Zeroville comienza en esa etapa marcada por el fin de las utopías, en la que Vikar es testigo de los asesinatos de la familia de Charles Manson, la absorción de la industria de Hollywood por parte de las grandes petroleras y la sensación de que todo es cada vez más efímero y relativo. No en vano, en su trayecto por la meca del cine se enamora de una actriz surgida de una película de (presumiblemente) Jesús Franco, traba amistad con un trasunto de John Milius, se obsesiona con la desnudez interpretativa de la Juana de Arco de Dreyer y, metido en tareas de editor, dinamita la continuidad de los filmes para construirla a partir de otra noción de montaje. Quizá porque la claridad del cine clásico ya no puede dar cuenta de ese mundo sobreestimulado por el que se mueve, en el que el filo de las apariencias se impone por encima de la impresión de realidad. Y donde un sueño, en el que aparecen unos antiguos caracteres hebreos grabados sobre una roca, comienza a vampirizar cada recodo de la vida de Vikar. A arrastrarle hacia esa vorágine de imágenes que aparecen pegadas en cada película que ve, como si el sueño dejase un rastro de miguitas de pan en el cine. A la espera de que alguien montase cada fotograma para proyectar la película que se aloja en su interior.

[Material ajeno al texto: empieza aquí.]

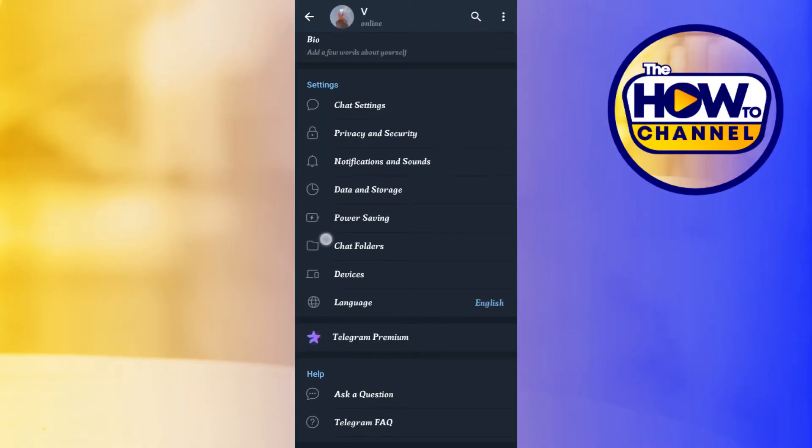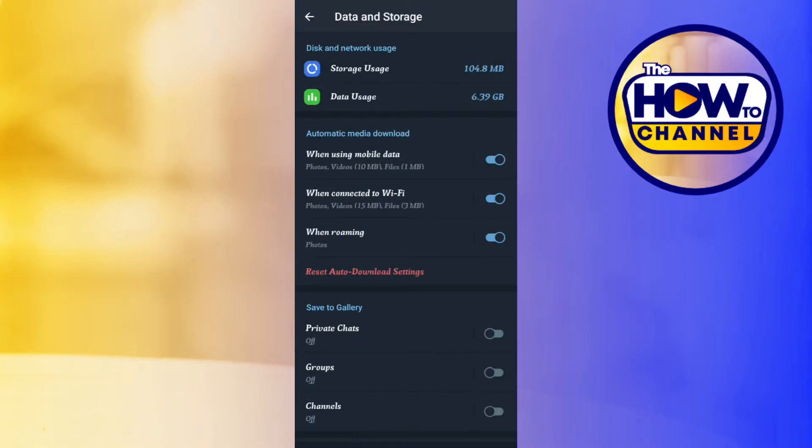In the settings, you just have to scroll down and you will have to tap on this fourth option called Data and Storage. Now in Data and Storage, you are going to see a bunch of different options.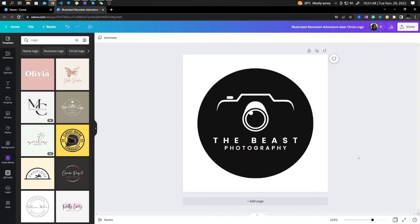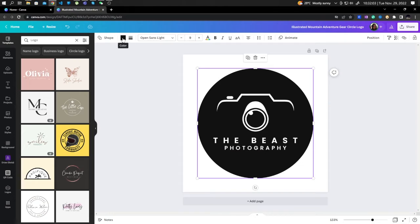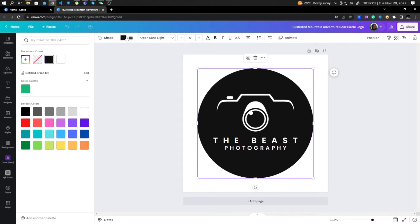Hi guys, in this video I will show you how to invert colors in Canva. Here in this example, let's take a look at this logo. First, choose your elements and change their color to something different.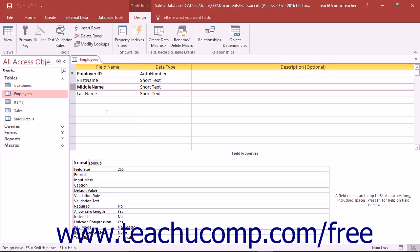So if you rename a field that was used by any other database objects, you should double check those objects and change the name of the field reference there if necessary. Doing that ensures that all the related database objects that were looking for the old field name will now look for the new field name to access the data within the field.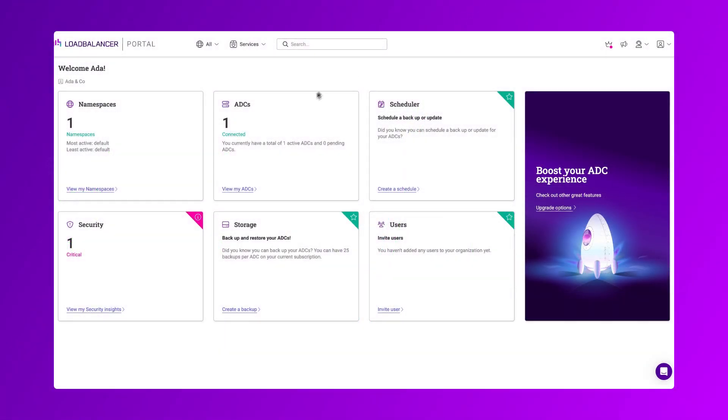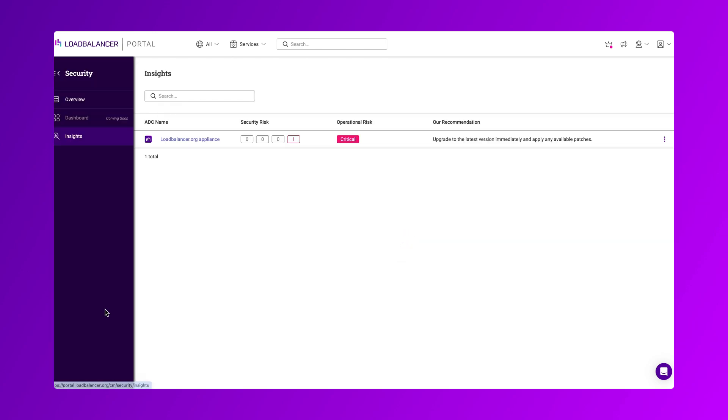Any security issues on your ADC will show here in the security block. Simply click to see more details.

Como le sucedía al Robert Coover de Sesión de cine, Steve Eriksson se enfrenta a la historia reciente de América sentado en la mesa de montaje, incapaz de ordenar con claridad los fragmentos de un país sacudido por multitud de episodios, heridas y olas. En el que la mella del capitalismo ha concedido una cualidad casi fantasmal a las cosas, les ha restado materialidad, más preocupado por mantener esa capacidad de superproducción de estímulos. De que la vida oscile entre extremos, de la inocencia a la barbarie, y pase cada vez más rápido. Se consuma en breves sorbos, no acumule historia y no deje nada significativo a su paso. Solo pequeños destellos. Como ese Vikar que párrafo a párrafo observa cómo se expande su leyenda de Hollywood a Cannes, mientras su única preocupación consiste en averiguar de dónde procede la imagen que se ha enquistado en sus sueños. Y Zeroville es, en el fondo, testigo de ese sentimiento. De que en algún momento del camino, América confió su historia a la lógica del cine, ese lugar de apariencias en el que nuestros deseos y anhelos pueden llegar a realizarse. Por eso, intentar contar el relato de aquel tiempo es, como sucedía en aquella obra de teatro de Mrozek o en aquella otra novela de Raymond Queneau, narrar la historia de dos personajes que discuten para decidir quién de los dos es protagonista del sueño del otro. De dónde viene toda esa belleza, toda esa emoción, que Steve Eriksson cifra en el cráneo de su protagonista. En el tatuaje de Monty Clift y Liz Taylor en Un lugar en el sol. En esa vida que no era más que un sueño hecho de celuloide.